第12話 不協和音

 結局、涼香と江里奈の勝負は引き分けということになった。

 2人とも一時間道場に正座させられ、理恵から説教を食らった後、恨みっこなしということで手が打たれた。

 こうして前代未聞の先輩・後輩対決は幕を閉じた。

 この後、不思議なもので、江里奈は急に涼香に懐くようになったのだ。

 しかし、騒動は思わぬところに余波をもたらした。

「あんたがしっかりしないからこういうことになるんでしょ」

 理恵は事件のあった翌日、学食に歩美を呼び出してなじった。歩美は下を向いたまま何も答えない。

 たまたま通りかかった奈央が口を挟んだ。

「歩美を責めるのはお門違いだよ。榎本を付け上がらせた私たちみんなの責任でしょ」

「あんたは黙っといて!」

 理恵は怖い顔をして奈央を睨んだ。

「どうなの、歩美。あんた、このままだとホント、ヤバいよ」

 歩美の顔を覗きこむ理恵。

「理恵ちゃん……」

 奈央はもう一度、理恵をたしなめる。

「黙っててって言ってるでしょ」

 今度は奈央が不機嫌になる番だった。

「理恵ちゃん、どうかしてるよ。そんなに部が大切なの? 部のためだったら、誰かが不幸になってもいいっていうわけ?」

「そんなこと……」

 奈央の剣幕に理恵は少したじろいだ。

「何もかも自分で背負い込んでるような顔するのはやめて。

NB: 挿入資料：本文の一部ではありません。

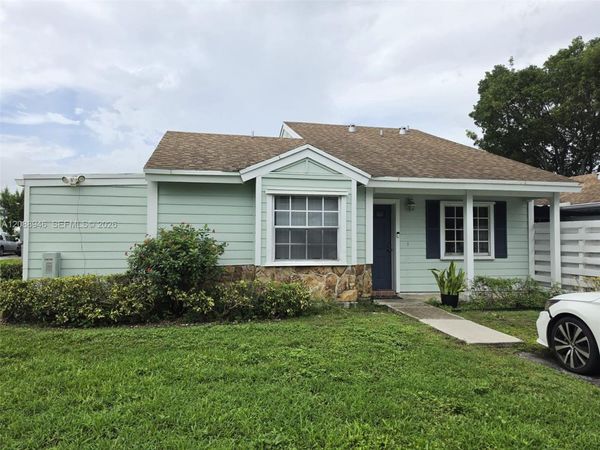 13795 SW 147th Cir Ln, Unit 2-12, Miami, FL 33186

そういうのみっともないよ」

 一言余計だった。

 「みっともない」という言葉を聞いて、理恵は完全にキレた。

「私は主将なの! あんたたちみたいにのほほんとやっているわけにはいかないのよ!」

 そう言って荷物を乱暴に掴み、立ち去った。

 理恵が視界から消えた後、奈央はうな垂れる歩美の肩に手を置いた。

「気にしちゃ駄目だよ。あんなヒステリー」

 そう言いながらも奈央は少し胸が痛い。